Crawled caption data:
▬▬▬▬▬▬

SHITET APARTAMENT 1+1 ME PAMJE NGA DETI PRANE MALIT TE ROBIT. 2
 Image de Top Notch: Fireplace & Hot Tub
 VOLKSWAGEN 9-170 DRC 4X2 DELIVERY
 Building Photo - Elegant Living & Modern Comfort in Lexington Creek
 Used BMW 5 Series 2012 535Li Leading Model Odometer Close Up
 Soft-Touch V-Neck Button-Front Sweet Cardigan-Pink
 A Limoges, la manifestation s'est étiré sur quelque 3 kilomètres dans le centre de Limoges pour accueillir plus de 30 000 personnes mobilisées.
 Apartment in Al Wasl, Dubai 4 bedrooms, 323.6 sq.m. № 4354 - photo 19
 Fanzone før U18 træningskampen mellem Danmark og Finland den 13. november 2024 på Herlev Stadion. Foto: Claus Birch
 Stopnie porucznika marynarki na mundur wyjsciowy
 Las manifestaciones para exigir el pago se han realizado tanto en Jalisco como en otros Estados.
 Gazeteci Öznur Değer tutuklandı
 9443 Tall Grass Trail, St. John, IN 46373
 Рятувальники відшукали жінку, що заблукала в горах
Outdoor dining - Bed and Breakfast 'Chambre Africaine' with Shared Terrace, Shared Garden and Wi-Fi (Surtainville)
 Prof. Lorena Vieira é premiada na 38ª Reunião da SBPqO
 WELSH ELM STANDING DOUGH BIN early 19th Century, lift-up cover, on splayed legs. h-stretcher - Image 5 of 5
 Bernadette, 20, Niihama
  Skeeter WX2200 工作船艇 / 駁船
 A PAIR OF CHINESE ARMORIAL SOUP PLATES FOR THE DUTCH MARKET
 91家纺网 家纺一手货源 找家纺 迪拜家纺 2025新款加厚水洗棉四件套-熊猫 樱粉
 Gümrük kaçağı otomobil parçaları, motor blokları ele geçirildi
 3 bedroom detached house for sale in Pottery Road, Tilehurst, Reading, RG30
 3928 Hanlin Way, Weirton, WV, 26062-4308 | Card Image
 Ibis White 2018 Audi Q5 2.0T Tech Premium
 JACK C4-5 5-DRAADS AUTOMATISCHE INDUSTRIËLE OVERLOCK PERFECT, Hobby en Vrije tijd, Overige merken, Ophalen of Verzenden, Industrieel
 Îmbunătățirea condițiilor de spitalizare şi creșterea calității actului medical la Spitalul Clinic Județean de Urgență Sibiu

▬▬▬▬▬▬

WORK TASK> Repeat all of the records verbatim, leaving nothing out.

ANSWER SECTION>
SHITET APARTAMENT 1+1 ME PAMJE NGA DETI PRANE MALIT TE ROBIT. 2
 Image de Top Notch: Fireplace & Hot Tub
 VOLKSWAGEN 9-170 DRC 4X2 DELIVERY
 Building Photo - Elegant Living & Modern Comfort in Lexington Creek
 Used BMW 5 Series 2012 535Li Leading Model Odometer Close Up
 Soft-Touch V-Neck Button-Front Sweet Cardigan-Pink
 A Limoges, la manifestation s'est étiré sur quelque 3 kilomètres dans le centre de Limoges pour accueillir plus de 30 000 personnes mobilisées.
 Apartment in Al Wasl, Dubai 4 bedrooms, 323.6 sq.m. № 4354 - photo 19
 Fanzone før U18 træningskampen mellem Danmark og Finland den 13. november 2024 på Herlev Stadion. Foto: Claus Birch
 Stopnie porucznika marynarki na mundur wyjsciowy
 Las manifestaciones para exigir el pago se han realizado tanto en Jalisco como en otros Estados.
 Gazeteci Öznur Değer tutuklandı
 9443 Tall Grass Trail, St. John, IN 46373
 Рятувальники відшукали жінку, що заблукала в горах
Outdoor dining - Bed and Breakfast 'Chambre Africaine' with Shared Terrace, Shared Garden and Wi-Fi (Surtainville)
 Prof. Lorena Vieira é premiada na 38ª Reunião da SBPqO
 WELSH ELM STANDING DOUGH BIN early 19th Century, lift-up cover, on splayed legs. h-stretcher - Image 5 of 5
 Bernadette, 20, Niihama
  Skeeter WX2200 工作船艇 / 駁船
 A PAIR OF CHINESE ARMORIAL SOUP PLATES FOR THE DUTCH MARKET
 91家纺网 家纺一手货源 找家纺 迪拜家纺 2025新款加厚水洗棉四件套-熊猫 樱粉
 Gümrük kaçağı otomobil parçaları, motor blokları ele geçirildi
 3 bedroom detached house for sale in Pottery Road, Tilehurst, Reading, RG30
 3928 Hanlin Way, Weirton, WV, 26062-4308 | Card Image
 Ibis White 2018 Audi Q5 2.0T Tech Premium
 JACK C4-5 5-DRAADS AUTOMATISCHE INDUSTRIËLE OVERLOCK PERFECT, Hobby en Vrije tijd, Overige merken, Ophalen of Verzenden, Industrieel
 Îmbunătățirea condițiilor de spitalizare şi creșterea calității actului medical la Spitalul Clinic Județean de Urgență Sibiu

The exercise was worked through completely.